* Brief:
Find every line in the records below that holds the word "logo", and copy it out.

* Material supplied:
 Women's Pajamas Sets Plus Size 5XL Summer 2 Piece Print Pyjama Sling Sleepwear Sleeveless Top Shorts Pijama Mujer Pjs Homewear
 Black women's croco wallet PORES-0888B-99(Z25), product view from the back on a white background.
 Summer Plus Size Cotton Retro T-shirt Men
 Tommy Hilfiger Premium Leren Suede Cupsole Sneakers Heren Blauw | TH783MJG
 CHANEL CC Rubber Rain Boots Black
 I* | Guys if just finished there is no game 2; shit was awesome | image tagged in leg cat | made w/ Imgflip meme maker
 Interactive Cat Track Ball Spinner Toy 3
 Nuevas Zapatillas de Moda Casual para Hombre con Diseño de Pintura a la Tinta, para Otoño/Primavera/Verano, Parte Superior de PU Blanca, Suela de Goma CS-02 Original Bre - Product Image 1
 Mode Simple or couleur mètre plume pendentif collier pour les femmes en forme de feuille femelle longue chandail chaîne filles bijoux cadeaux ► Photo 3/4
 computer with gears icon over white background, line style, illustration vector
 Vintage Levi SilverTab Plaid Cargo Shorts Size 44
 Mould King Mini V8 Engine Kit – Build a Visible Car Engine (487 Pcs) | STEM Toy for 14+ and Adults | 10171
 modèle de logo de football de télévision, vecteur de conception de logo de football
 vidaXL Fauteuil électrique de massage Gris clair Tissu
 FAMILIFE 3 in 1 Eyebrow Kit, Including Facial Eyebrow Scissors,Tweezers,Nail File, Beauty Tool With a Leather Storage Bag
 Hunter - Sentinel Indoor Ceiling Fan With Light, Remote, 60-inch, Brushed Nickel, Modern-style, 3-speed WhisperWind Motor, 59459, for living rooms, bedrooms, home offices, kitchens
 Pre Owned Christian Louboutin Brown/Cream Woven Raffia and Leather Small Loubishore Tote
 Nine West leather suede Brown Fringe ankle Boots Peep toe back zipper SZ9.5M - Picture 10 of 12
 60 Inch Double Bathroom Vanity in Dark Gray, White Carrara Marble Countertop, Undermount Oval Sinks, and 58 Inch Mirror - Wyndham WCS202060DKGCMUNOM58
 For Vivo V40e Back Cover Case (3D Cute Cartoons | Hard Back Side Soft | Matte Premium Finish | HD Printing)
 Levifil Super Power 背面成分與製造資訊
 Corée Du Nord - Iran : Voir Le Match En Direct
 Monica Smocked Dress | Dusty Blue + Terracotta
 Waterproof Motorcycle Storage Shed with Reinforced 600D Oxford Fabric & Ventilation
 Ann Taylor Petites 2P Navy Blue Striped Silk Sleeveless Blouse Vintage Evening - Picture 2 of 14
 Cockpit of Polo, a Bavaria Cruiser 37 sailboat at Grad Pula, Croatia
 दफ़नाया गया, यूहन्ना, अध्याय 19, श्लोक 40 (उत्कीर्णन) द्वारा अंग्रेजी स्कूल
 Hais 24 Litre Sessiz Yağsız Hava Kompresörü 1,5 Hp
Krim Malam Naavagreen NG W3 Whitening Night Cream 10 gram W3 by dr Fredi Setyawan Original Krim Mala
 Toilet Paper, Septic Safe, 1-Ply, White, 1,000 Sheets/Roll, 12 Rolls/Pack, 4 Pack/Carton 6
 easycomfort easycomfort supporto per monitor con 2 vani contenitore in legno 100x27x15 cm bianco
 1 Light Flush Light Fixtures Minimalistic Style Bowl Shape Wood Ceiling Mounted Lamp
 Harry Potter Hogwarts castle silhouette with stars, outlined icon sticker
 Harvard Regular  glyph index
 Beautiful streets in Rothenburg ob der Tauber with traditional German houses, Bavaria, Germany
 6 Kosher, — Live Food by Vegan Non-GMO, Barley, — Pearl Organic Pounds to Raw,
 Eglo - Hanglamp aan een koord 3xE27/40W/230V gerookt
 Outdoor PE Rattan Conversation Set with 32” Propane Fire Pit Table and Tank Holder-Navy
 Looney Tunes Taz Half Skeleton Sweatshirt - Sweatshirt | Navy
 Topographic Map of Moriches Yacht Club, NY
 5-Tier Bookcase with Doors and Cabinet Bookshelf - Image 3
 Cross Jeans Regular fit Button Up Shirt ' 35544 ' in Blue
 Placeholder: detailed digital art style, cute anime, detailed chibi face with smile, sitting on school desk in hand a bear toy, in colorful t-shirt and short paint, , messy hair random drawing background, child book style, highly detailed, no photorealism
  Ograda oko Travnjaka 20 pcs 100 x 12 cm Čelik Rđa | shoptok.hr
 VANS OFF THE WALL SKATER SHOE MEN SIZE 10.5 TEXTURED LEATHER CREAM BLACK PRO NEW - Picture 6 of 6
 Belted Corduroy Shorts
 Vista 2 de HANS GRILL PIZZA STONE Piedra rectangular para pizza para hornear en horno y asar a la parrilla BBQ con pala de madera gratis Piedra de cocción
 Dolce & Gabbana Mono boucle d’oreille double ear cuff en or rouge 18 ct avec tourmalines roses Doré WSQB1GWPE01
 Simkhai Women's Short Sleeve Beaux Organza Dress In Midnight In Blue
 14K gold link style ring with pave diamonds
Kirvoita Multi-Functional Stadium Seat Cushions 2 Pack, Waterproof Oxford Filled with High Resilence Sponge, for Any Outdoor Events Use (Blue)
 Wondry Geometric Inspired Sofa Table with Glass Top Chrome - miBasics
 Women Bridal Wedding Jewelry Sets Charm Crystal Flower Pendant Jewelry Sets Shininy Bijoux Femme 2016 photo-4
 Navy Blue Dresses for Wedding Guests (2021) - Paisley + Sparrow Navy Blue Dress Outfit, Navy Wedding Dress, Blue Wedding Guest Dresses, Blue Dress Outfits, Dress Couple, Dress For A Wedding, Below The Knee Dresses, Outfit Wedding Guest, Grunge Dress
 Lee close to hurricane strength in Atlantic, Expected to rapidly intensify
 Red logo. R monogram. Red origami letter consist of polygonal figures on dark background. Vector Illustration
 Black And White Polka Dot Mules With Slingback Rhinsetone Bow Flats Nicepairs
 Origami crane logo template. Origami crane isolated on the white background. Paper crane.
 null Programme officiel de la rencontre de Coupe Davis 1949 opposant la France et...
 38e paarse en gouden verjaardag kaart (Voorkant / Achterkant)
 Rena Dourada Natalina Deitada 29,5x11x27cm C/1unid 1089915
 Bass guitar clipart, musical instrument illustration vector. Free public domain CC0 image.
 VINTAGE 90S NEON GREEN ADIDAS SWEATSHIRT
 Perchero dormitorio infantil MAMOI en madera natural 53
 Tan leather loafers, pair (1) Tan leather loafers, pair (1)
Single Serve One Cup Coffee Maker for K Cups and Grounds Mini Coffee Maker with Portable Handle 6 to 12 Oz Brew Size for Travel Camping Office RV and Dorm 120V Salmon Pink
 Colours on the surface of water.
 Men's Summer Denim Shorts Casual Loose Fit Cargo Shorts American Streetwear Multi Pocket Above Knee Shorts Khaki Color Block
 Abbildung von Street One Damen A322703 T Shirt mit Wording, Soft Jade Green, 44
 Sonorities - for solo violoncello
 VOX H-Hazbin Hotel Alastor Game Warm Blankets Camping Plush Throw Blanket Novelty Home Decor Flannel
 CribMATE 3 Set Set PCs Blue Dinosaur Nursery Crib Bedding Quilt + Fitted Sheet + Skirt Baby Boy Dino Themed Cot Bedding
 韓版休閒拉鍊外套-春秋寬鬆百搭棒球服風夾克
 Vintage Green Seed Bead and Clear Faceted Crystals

* Solved exercise:
 modèle de logo de football de télévision, vecteur de conception de logo de football
 Red logo. R monogram. Red origami letter consist of polygonal figures on dark background. Vector Illustration
 Origami crane logo template. Origami crane isolated on the white background. Paper crane.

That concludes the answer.